"Miss Grey," she said, "which do you think are the best off, very rich little only children girls, or very poor little many children girls?"

"Maggie dear," replied her governess, "you are asking me, as usual, a silly question. The fact of a little girl being rich and an only child, or the fact of a little girl being poor and having a great many brothers and sisters, has really much less to do with happiness than people think. Happiness is a very precious possession, and sometimes it is given to people who look very pale and suffering, and sometimes it is denied to those who look as if they wanted for nothing."

"That's me," said Maggie, uttering a profound sigh. "I'm rich and I want for nothing, and I'm the mis'rable one, and Jim, the cripple in our village, is poor, and he hasn't got no nice things, and he's the happy one. Oh, how I wish I was Jim the cripple."

"Why, Maggie, you would not surely like to give up your dear father and mother to be somebody else's child."

"No, of course not. They'd have to be poor too. Mother would have to take in washing and father—I'm afraid father would have to put on ragged clothes, and go about begging from place to place. I don't think Jim, the cripple, has any father, but I couldn't do without mine, so he'd have to be a beggar and go about from place to place to get pennies for mother and me. We'd be darling and poor, and we couldn't afford to keep you, Miss Grey, and I wouldn't mind that at all, 'cause then I need never do reading and hemming, and I'd be as ignoram as possible all my days."

Just at this moment somebody called Maggie, and she was told to put on her out-door things, and to go for a drive with her mother in the carriage.

Maggie was a very sharp little girl, and she could not help noticing a certain air of expectancy on Lady Ascot's face, and a certain brightening of her eyes, particularly when Maggie, in her usual impetuous fashion, asked eager questions about the very short gentleman visitor who was coming to stay with father.

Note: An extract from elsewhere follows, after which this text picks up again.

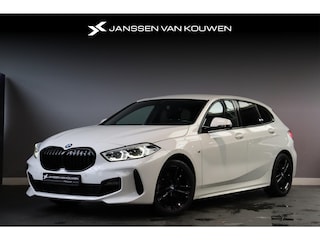 BMW 118i High Executive / M-Sport / Automaat / Stuur+Stoelverwarming / Trekhaak / Navigatie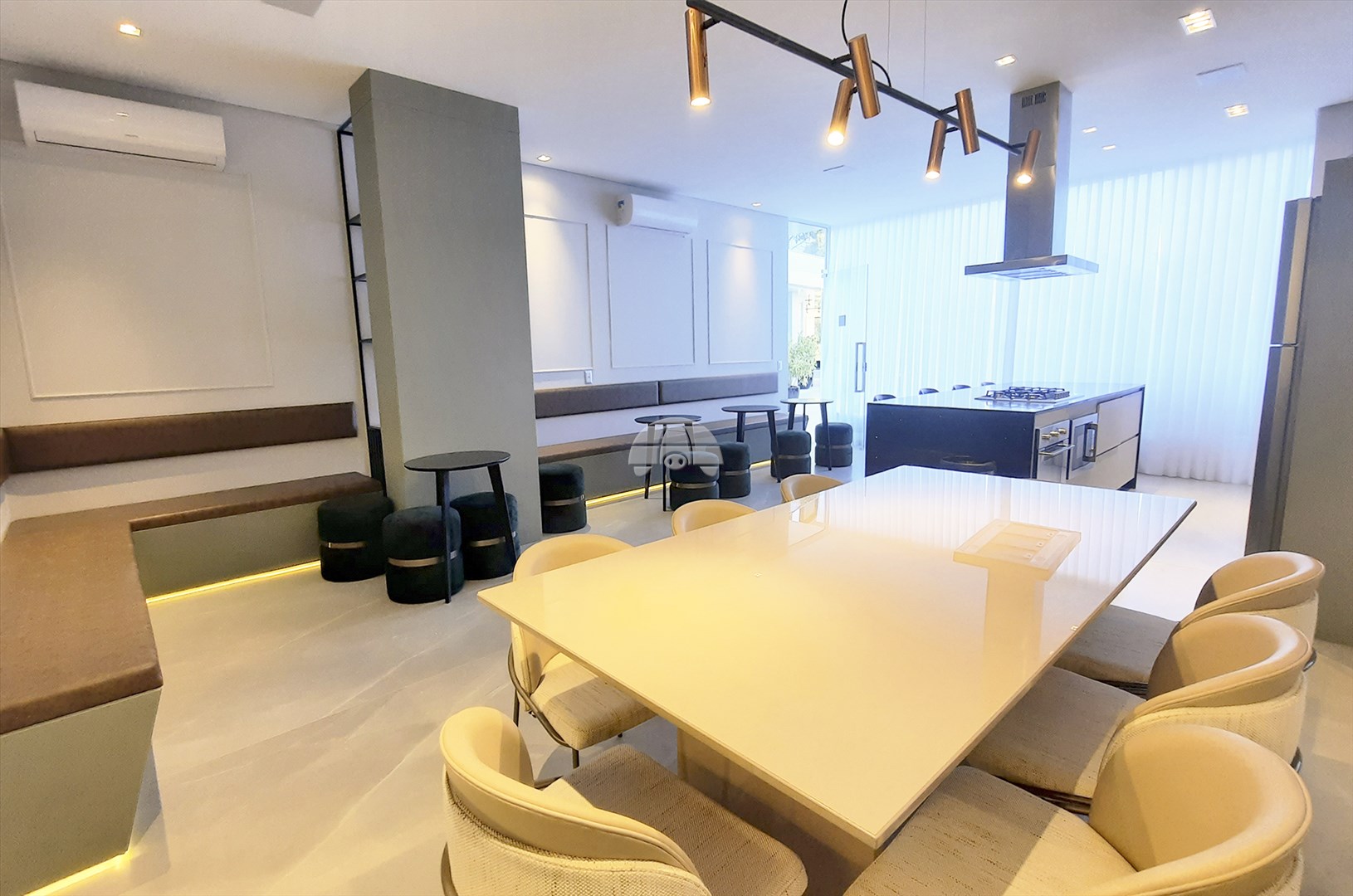 Apartamento à venda em Atiradores, Joinville — Portal Chave Fácil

"He's not four feet high," said Maggie. "I am sure I shall like him greatly; he'll be a sort of companion to me, and I know he must be very brave."

"Why do you know that, little woman?" asked Lady Ascot in an amused voice "Oh, 'cause, 'cause—his gun, and his fishing-tackle, and his boxing-gloves have been sent on already. Of course he must be brave and manly, or father would have nothing to say to him. But as he's only three inches taller than me, I'm thinking perhaps he'll be tired keeping up with father's long steps, when they go out shooting together; and so perhaps he will really like to make a companion of me."

"I should not be surprised, Maggie—I should not be the least surprised, and now I'm going to tell you a secret. We are going at this very moment to drive to Ashburnham station to meet father and his gentleman visitor."